Le parole di Di Mario
Di Mario ha voluto esprimere tutta la sua gratitudine e il profondo legame costruito in questi anni con l’ambiente biancoceleste: il ragazzo ha sottolineato con grande orgoglio quanto la realtà di Chiavari sia ormai parte integrante della sua vita personale e professionale.
Attraverso i canali ufficiali della società, Di Mario ha rilasciato dichiarazioni colme di attaccamento e senso di appartenenza, spiegando apertamente le proprie emozioni: “Questa maglia, questo gruppo e questa società per me sono molto più di una semplice squadra di calcio. Qui sono cresciuto e qui sto diventando uomo. Devo tanto all’Entella e poter continuare a difendere questi colori è per me un onore e una grande responsabilità”.
Il “ragazzo d’oro” della Virtus Entella
L’esperienza calcistica di Stefano Di Mario si fonda su un percorso di crescita costante e su un legame profondo con la Virtus Entella, club in cui è cresciuto calcisticamente.
Dopo aver completato tutta la trafila all’interno del settore giovanile della società ligure, l’esterno sinistro classe 2004 ha vissuto anche una parentesi formativa nel vivaio della Sampdoria prima di fare ritorno a Chiavari nell’estate del 2023.
Da quel momento in poi, il giocatore si è imposto con grande personalità tra i professionisti, conquistando progressivamente un ruolo da protagonista assoluto sulla fascia.

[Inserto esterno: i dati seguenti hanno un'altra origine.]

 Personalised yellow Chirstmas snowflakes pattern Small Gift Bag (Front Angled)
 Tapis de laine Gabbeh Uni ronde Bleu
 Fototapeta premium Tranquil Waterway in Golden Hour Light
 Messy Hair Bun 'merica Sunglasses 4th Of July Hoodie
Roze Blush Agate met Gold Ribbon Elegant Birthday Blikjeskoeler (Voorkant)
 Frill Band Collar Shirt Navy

Grazie a prestazioni di altissimo livello e a una notevole continuità di rendimento, Di Mario ha totalizzato decine di presenze in maglia biancoceleste, guadagnandosi la stima dell’ambiente e confermandosi come uno dei prospetti più interessanti del panorama calcistico nazionale.

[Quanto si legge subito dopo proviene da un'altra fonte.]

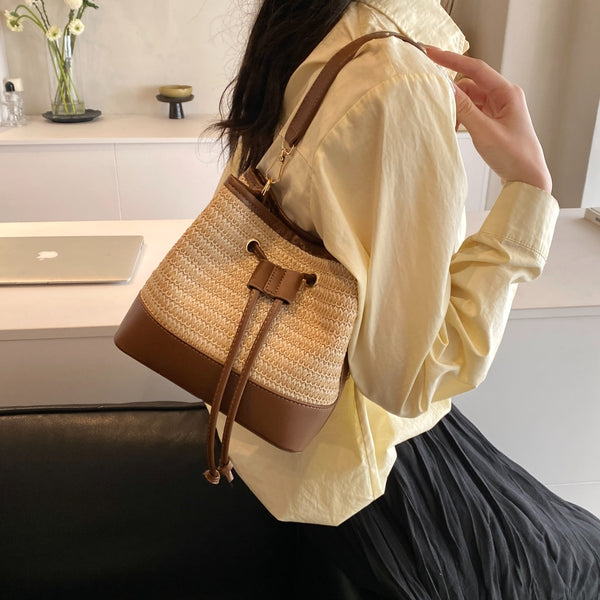 Straw Braided Shoulder Bag-Teresa's Fashionista LLC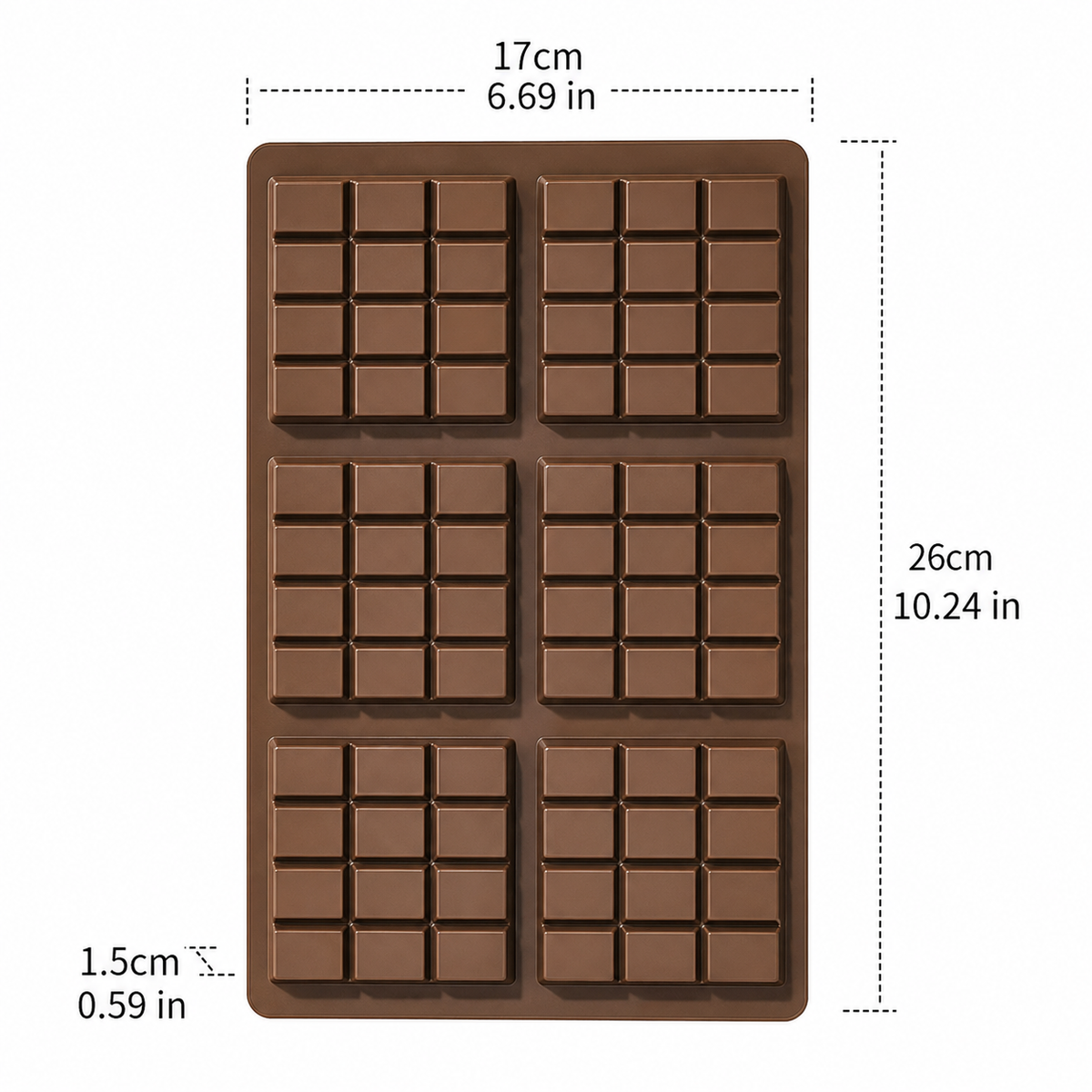 Mini Chocolate Bar Cookie Mold – 6 Cavity Silicone Cookie Bar Mold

L’Entella non era sola: i pretendenti di Di Mario
Le ottime prestazioni fornite dal giovane esterno sinistro avevano inevitabilmente attirato l’attenzione di diversi importanti club. In particolare, il profilo di Stefano Di Mario era finito sul taccuino di diverse società ambiziose, con il Palermo in prima linea nel monitorare con forte interesse la situazione del giocatore per rinforzare la propria corsia.

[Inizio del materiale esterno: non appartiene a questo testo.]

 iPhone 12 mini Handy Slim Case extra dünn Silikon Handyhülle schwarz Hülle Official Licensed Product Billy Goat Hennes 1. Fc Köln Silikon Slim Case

Oltre ai rosanero, le sirene di mercato avevano registrato sondaggi e apprezzamenti anche da parte di altre squadre di categoria superiore o di vertice come Hellas Verona, Pisa e Cremonese, stregate dalla crescita esponenziale del classe 2004. Di fronte a una valutazione economica iniziale piuttosto alta fissata dalla dirigenza ligure, nessuno dei club interessati è però riuscito a concretizzare l’affondo decisivo.
La solida presa di posizione della società di Chiavari e la forte volontà del calciatore di proseguire il proprio percorso di maturazione in biancoceleste hanno di fatto congelato ogni discorso, spegnendo la concorrenza di mercato e blindando il talento abruzzese fino al 2030.